EXERCISE DESCRIPTION
Beginning with the line that contains "RALPH LAUREN Lauren", print each line to the end of the data exactly. Omit the pictures.

ENTRIES SUPPLIED
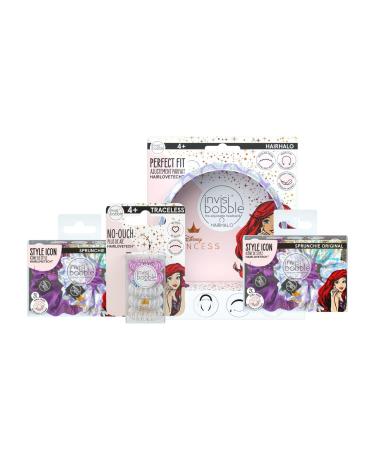 invisibobble Disney Princess Ariel 10-PIece Gift Set - Spiral Hair Tie  HairHalo Headband  Sprunchie Hair Accessories for Girls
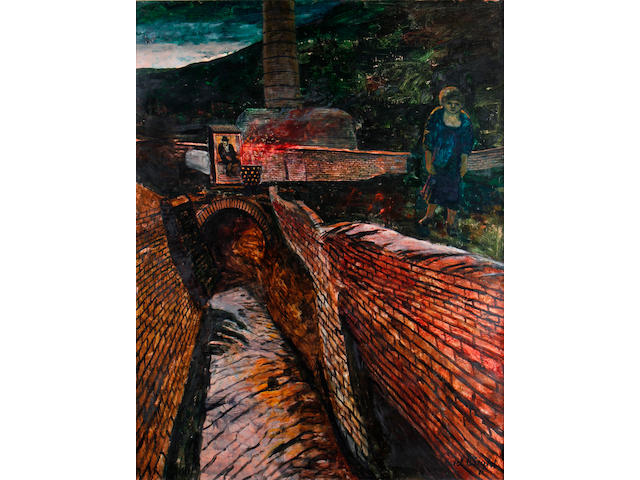 Carel Weight R.A. (British, 1908-1997) Down by the canal at night
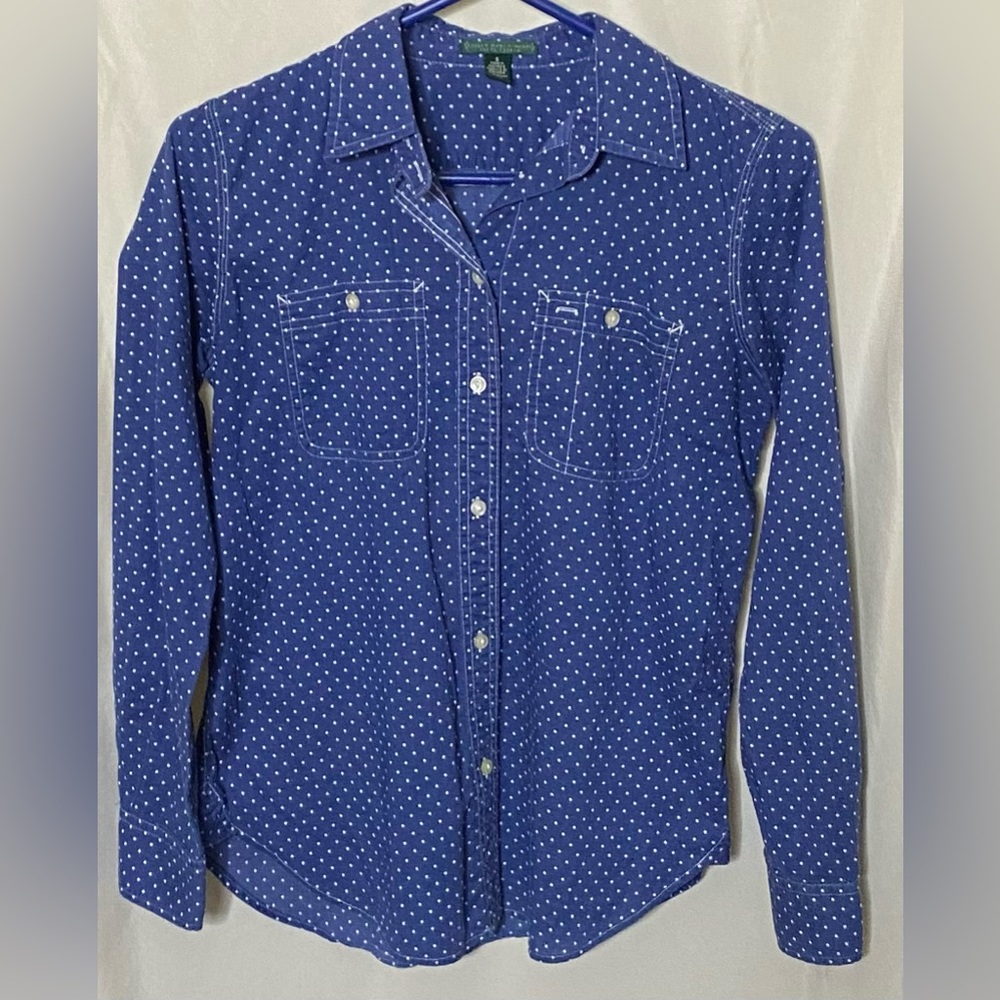 RALPH LAUREN Lauren Jeans Co Blue/White Polka Dot Button Up Shirt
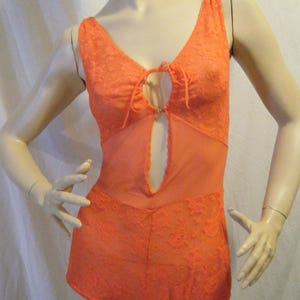 Vtg 1960s Chiffon and Lace see through Body suit with Peekaboo bodice Small image 2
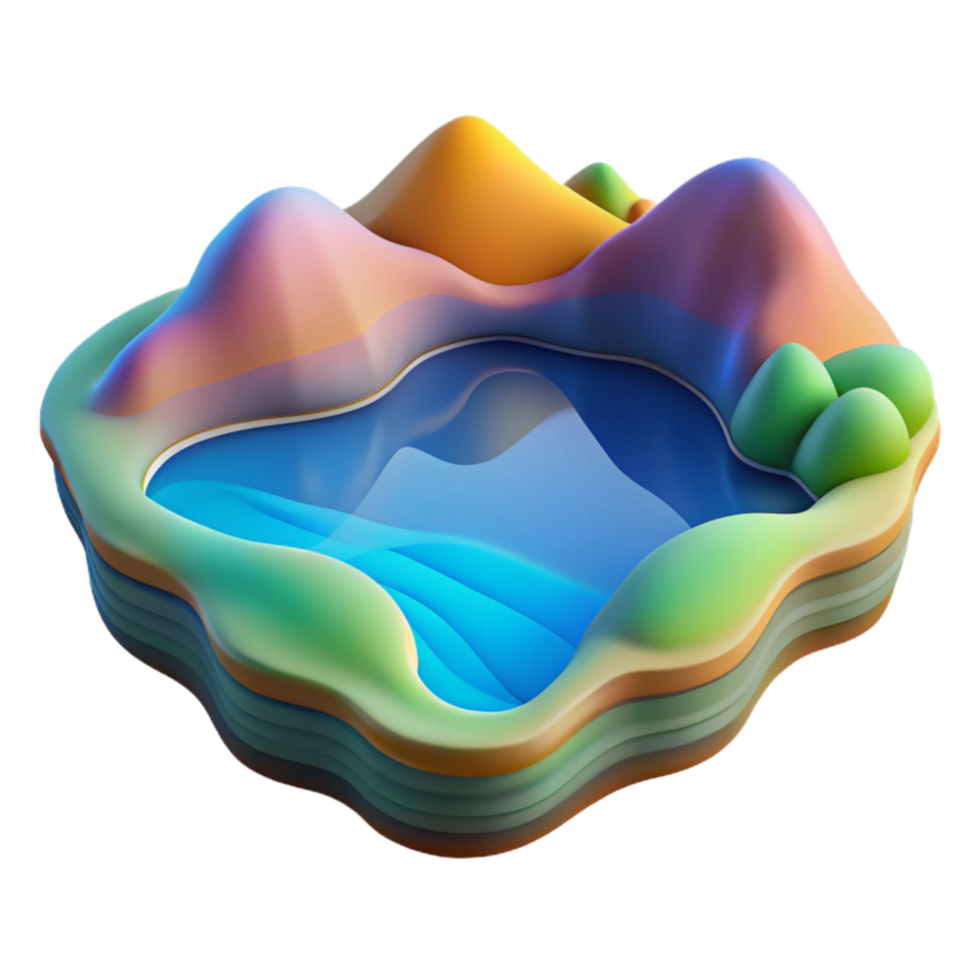 impressive artistic Abstract Lake Landscape Transparent Background png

EXERCISE OUTPUT
 RALPH LAUREN Lauren Jeans Co Blue/White Polka Dot Button Up Shirt
 Vtg 1960s Chiffon and Lace see through Body suit with Peekaboo bodice Small image 2
 impressive artistic Abstract Lake Landscape Transparent Background png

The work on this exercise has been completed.